Вера с помощью Павла сметала солому на перевал, на улице, около гуменных ворот. Потом окидали удвоившийся ворох зерна. Вера начисто, дважды подмела на гумне, оглянулась. Павел граблями вытягивал сверху, со сцепов волокитку гороха. Вере было смешно, что волокитка тянулась и тянулась. Он оборвал наконец гороховину, закинул оставшийся конец наверх и, кидая горошины в рот, начал лущить сухие стручки.
«Господи, — с любовью и жалостью подумала Вера. — Какой худющий… На чем и штаны держатся, одно костьё…»
Порой она ненавидела мельницу. Однажды даже пришла Вере грешная
— Дай-ко горошку-то!
Он обнял жену, наткнулся невзначай на мягкое место.
— Холодно вроде, — сказал он. — Пойдем-ко в овин спустимся!
Вера засмеялась:
— Худой-то! Где уж тебе по овинам ходить?
— Ты это… чего? — взъерепенился он.
— А чего? — Вера смеялась.
— Чего… Там картошка испеклась. — Павел сердито распахнул ногой дверку в овин.
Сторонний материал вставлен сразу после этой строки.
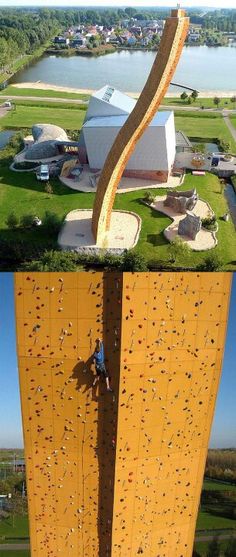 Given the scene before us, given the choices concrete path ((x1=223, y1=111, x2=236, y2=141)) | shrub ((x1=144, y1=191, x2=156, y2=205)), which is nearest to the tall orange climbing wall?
shrub ((x1=144, y1=191, x2=156, y2=205))

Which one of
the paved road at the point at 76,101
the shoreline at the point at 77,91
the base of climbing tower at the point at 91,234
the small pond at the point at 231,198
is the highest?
the shoreline at the point at 77,91

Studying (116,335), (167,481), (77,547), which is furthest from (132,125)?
(77,547)

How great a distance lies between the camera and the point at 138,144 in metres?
14.5

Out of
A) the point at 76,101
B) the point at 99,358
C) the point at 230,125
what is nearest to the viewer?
the point at 99,358

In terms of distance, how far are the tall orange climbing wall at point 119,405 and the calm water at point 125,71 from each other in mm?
27378

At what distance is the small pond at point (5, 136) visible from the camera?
59.2ft

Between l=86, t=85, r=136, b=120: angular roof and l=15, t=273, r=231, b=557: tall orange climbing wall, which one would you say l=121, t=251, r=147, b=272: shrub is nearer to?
l=15, t=273, r=231, b=557: tall orange climbing wall

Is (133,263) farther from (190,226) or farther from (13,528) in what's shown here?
(13,528)

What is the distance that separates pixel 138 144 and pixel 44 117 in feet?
29.1

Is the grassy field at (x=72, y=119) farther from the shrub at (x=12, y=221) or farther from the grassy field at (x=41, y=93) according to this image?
the shrub at (x=12, y=221)

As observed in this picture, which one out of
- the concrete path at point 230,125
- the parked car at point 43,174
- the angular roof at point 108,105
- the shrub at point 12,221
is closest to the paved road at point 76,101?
the concrete path at point 230,125

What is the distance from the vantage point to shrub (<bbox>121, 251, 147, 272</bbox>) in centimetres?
910

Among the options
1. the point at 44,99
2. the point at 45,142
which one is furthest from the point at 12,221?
the point at 44,99

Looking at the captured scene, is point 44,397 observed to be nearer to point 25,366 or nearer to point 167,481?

Ей было приятно, что он злится. Она знала, что тоже спустится туда, в теплую овинную темноту, но не торопилась. И все в ней сейчас ликовало. Она думала и еще о чем-то, боялась признаться в чем-то даже себе. Сказать или не сказать? Вот уже месяц, как не приходит это, женское… И срок весь вышел, и сама она чувствует, знает, что случилось с ней это, самое главное… Но она боится, что, может, ничего еще нет, кто знает? Ведь можно и ошибиться. Нет, кажется, правда. Ведь месяц уже, и каждый день что-то меняется в ней. Ей как будто не хватает чего-то, но ей почему-то приятна эта нехватка, а по ночам снятся какие-то новые непонятные сны.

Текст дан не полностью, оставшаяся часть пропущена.